OPINION: Supersized big-box retail is throwing down the gauntlet to the established order in Australia.
OPINION: Supersized big-box retail is throwing down the gauntlet to the established order in Australia.
Here is a bit of trivia that, while it may appear innocuous enough, could signal some very serious challenges ahead for Australia’s supermarket players.
Two years ago, the biggest pack of washing powder in most supermarkets weighed 1.8 kilograms. Today the product is available in a 4kg pack, or even a 9kg pack if you shop at Costco.
That little gem of information has not come from a manufacturer of washing powder, but rather forms part of a serious piece of research into Australia’s supermarket war by investment bank Morgan Stanley.
What the bank’s analyst, Thomas Kierath, did was compare the prices of a basket of groceries at major supermarket chains and examine the more important question of how price competition from newcomers to Australia is eating into the business base of the established leaders, such as Coles, Woolworths and Independent Grocers of Australia (IGA).
While the American deep-discount warehouse operator Costco is yet to arrive in Perth, it is making itself felt in other Australian cities where it has eight outlets – three in Melbourne, two in Sydney, and one each in Adelaide and Darwin.
The Costco business model is very American. Everything is supersized, the shop layout is pure warehouse (like a Bunnings hardware store), and the range of goods is vast.
German supermarket chain Aldi operates at the other end of the grocery spectrum, with small stores that carry basic household requirements in a no-frills setting.
What the big American and the small German share in common is that they have enjoyed annual double-digit sales growth during the past few years, partly because they are starting from scratch, but also because they offer something a little different from conventional Australian grocery stores – and mainly because they are offer the cheapest possible prices.
There is an important lesson from the influx of international, low-cost, grocery retailers for investors in Australia’s supermarket leaders, and that is the near-certainty of falling profits as they are forced to compete on price, variety, and size.
Which leads back to washing powder.
Mr Kierath, who shops occasionally at the Auburn Costco store in western Sydney, used the washing powder package size as an example of how traditional supermarkets are starting to compete – the biggest pack available at Woolworths in 2015 weighed 1.8kg, while today it is 4kg (and 9kg at Costco).
The inference in Mr Kierath’s observation is that Costco’s size-matters approach to achieve a discounted price has forced rivals to increase the size of what they stock.

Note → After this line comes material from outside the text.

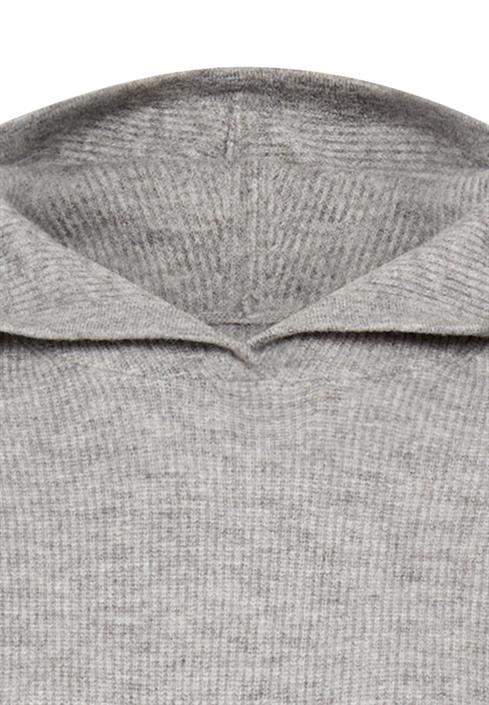 strickpullover-mit-kapuze-grey-melange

Most interesting from an investor’s perspective is the market-share data, in which Morgan Stanley examines the changing structure of the Australian grocery market as Costco, Aldi, and other internationals force their way into the grocery business.

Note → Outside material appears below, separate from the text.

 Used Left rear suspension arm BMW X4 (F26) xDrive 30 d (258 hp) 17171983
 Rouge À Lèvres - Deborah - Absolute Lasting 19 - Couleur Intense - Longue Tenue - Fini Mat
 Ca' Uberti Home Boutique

Six years ago, when Costco and Aldi where small players in the Australian market, the big three (Woolworths, Coles and IGA, which is owned by the ASX-listed Metcash) had respective national grocery market shares of 37.8 per cent, 27.9 per cent and 16.3 per cent (Aldi had 4.1 per cent and Costco’s food only market share was 0.2 per cent).
Last year, the market share estimate was: Woolworths 34.5 per cent (down 3.3 percentage points); Coles up 1.2 points to 29.1 per cent (and a comment on how Wesfarmers improved Coles after its 2007 acquisition); while IGA’s market share had dropped to 13.1 per cent (down 3.2 points).
Aldi has been the big winner since 2011, lifting its market share to 6.7 per cent last year, up 2.6 points, while Costco’s food-only market share was 0.9 per cent.
The next three years promise more of the same trend, with Woolworths tipped to drop to 33.6 per cent, Coles down to 28.2 per cent, and IGA at 11 per cent. Aldi is tipped to secure 10.5 per cent of the national grocery market and Costco 1.8 per cent.
Market share in the grocery market is important because the more a retailer acquires from a supplier, the greater the discount for bulk buying.
In the case of IGA, assuming Morgan Stanley’s forecasts are correct, a fall to just 11 per cent of the national market means it is losing buying power at a faster rate than its traditional rivals, Coles and Woolworths, and by 2020 would almost be on the same level as Aldi.
Metcash, owner of IGA, obviously faces a challenging period, but so do Coles and Woolworths.
In order to retain the market leadership they have held for decades, they will be forced into an intensifying price battle against rivals that have a lower cost base through their bare-bones shops (Aldi) or warehouse-style offering (Costco).
Shoppers will be the winners from what’s happening. Investors should be wary as profit margins are squeezed.